__TASK OBJECTIVE__
Below are several entries. Transcribe exactly those lines that fall from the one with "(Dark gray )" through the one with "Jurassic Dinosaur Wall", end lines included.

__DATASET ENTRIES__

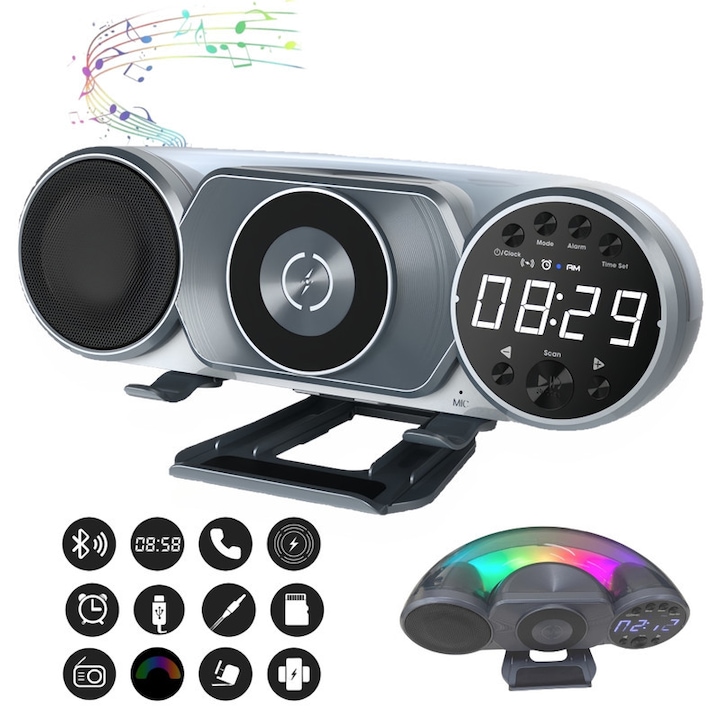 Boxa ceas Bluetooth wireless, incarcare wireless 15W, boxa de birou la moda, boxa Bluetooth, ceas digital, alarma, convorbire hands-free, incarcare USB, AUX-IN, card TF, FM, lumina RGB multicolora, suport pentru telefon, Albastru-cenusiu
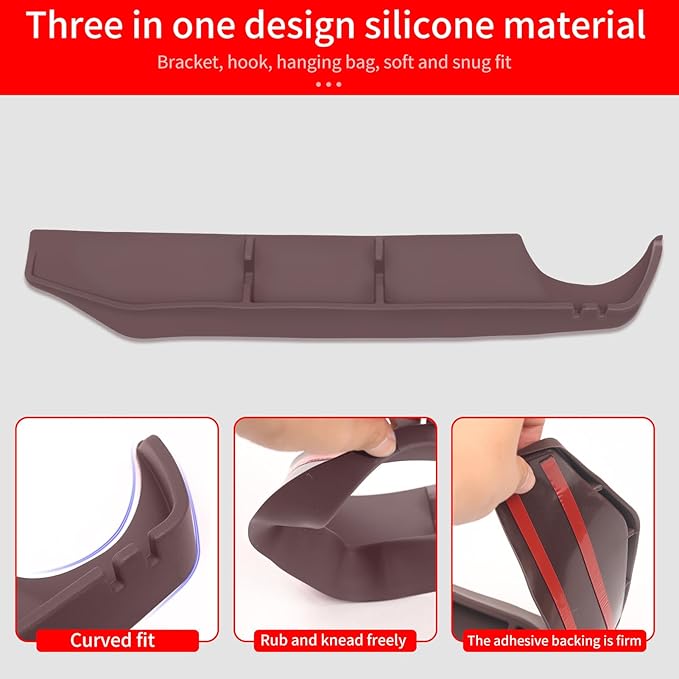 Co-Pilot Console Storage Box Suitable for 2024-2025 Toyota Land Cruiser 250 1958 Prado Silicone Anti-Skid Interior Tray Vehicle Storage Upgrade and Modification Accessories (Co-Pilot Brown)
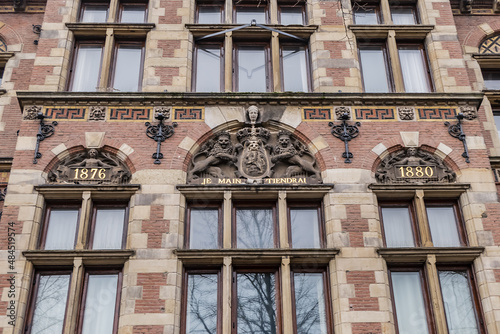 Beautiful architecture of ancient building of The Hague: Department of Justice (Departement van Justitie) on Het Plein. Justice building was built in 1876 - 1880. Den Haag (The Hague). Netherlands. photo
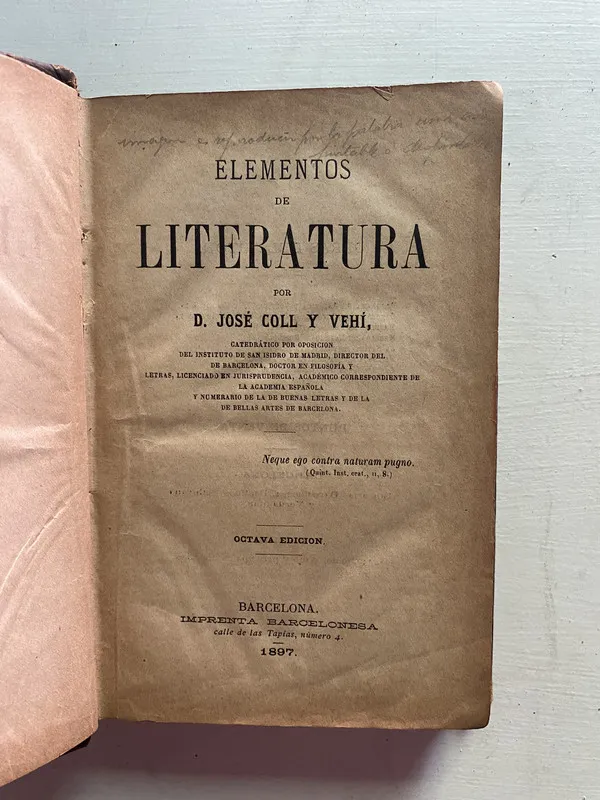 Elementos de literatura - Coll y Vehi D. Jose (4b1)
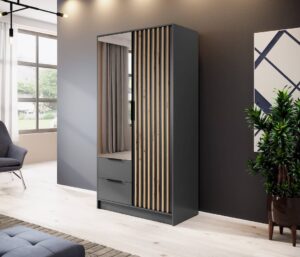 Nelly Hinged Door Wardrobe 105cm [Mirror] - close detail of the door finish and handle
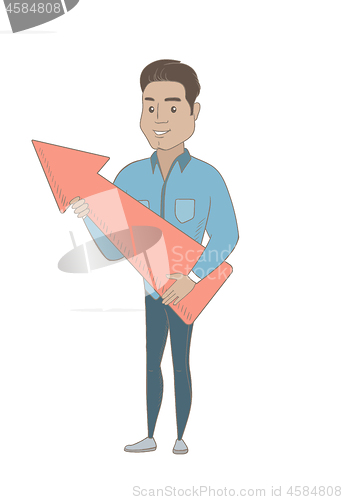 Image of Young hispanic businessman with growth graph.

* * *

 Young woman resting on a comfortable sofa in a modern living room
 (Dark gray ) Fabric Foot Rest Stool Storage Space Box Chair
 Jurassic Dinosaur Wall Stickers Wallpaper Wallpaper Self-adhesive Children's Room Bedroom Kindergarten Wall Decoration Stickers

---

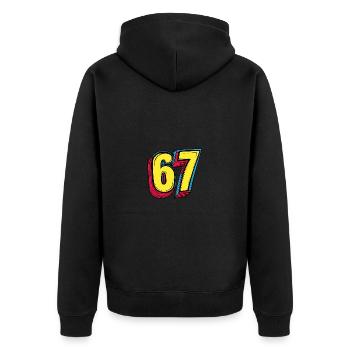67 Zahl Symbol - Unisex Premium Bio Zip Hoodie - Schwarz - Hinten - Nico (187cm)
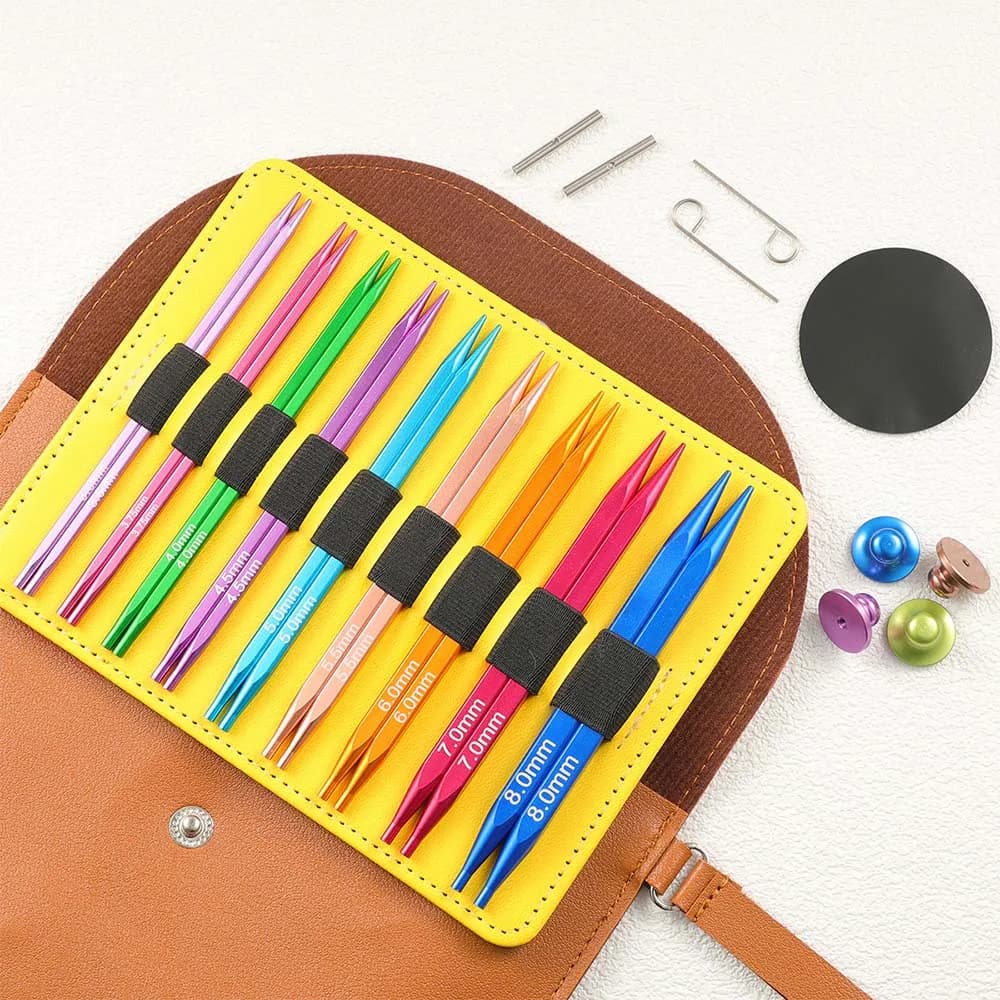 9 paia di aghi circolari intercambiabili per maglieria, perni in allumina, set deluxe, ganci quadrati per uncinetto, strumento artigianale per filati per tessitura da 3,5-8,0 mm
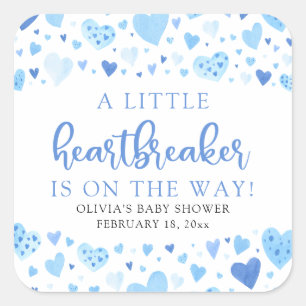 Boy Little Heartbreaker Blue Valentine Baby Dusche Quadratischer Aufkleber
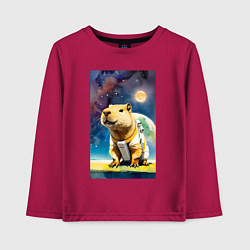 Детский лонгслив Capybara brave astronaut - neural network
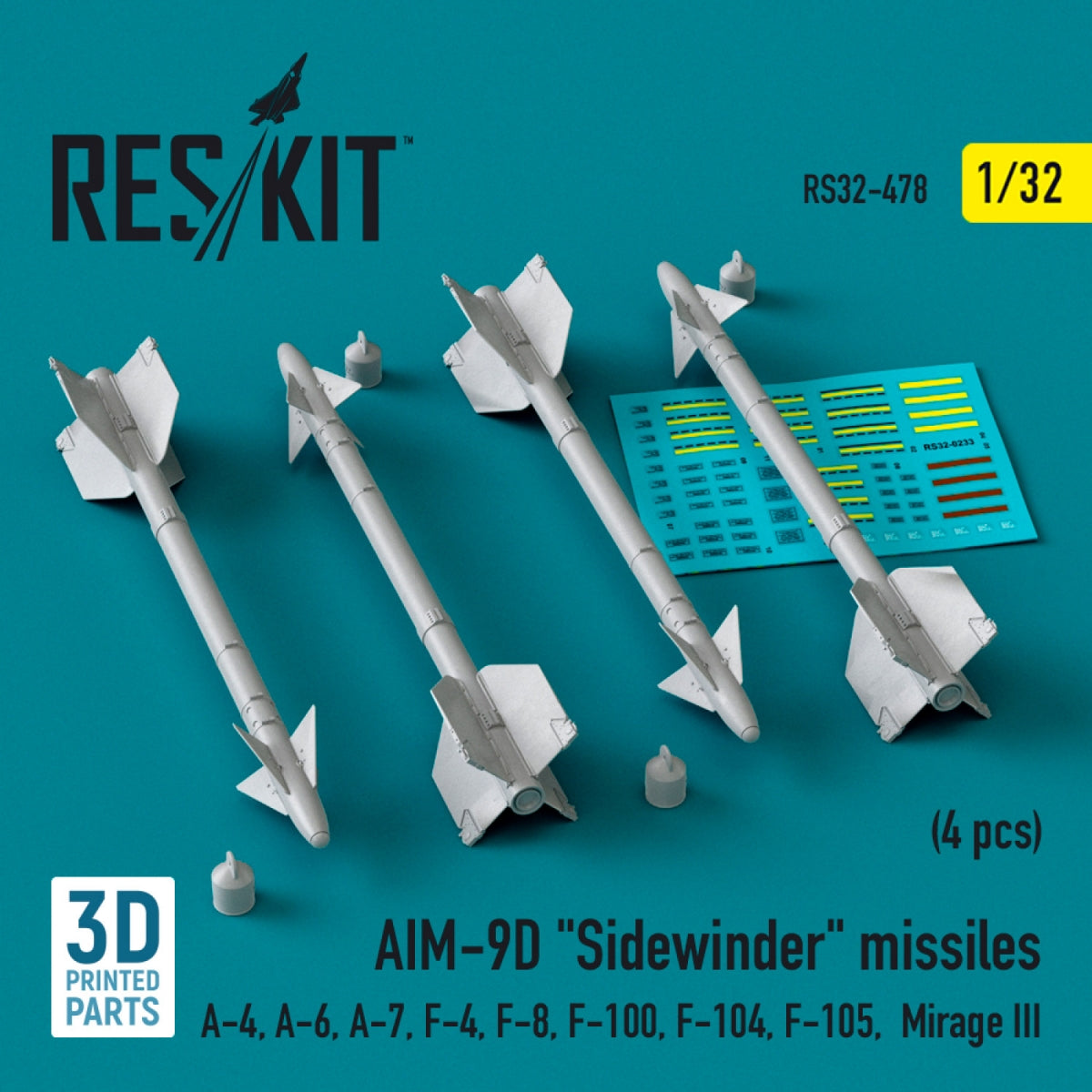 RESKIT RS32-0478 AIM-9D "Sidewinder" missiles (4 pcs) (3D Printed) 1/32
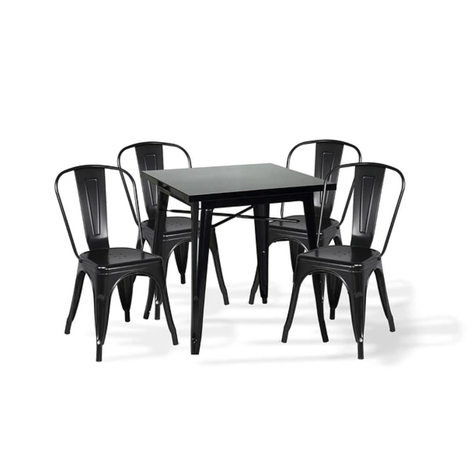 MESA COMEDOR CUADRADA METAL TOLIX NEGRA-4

__RESPONSE TO THIS TASK__
 (Dark gray ) Fabric Foot Rest Stool Storage Space Box Chair
 Jurassic Dinosaur Wall Stickers Wallpaper Wallpaper Self-adhesive Children's Room Bedroom Kindergarten Wall Decoration Stickers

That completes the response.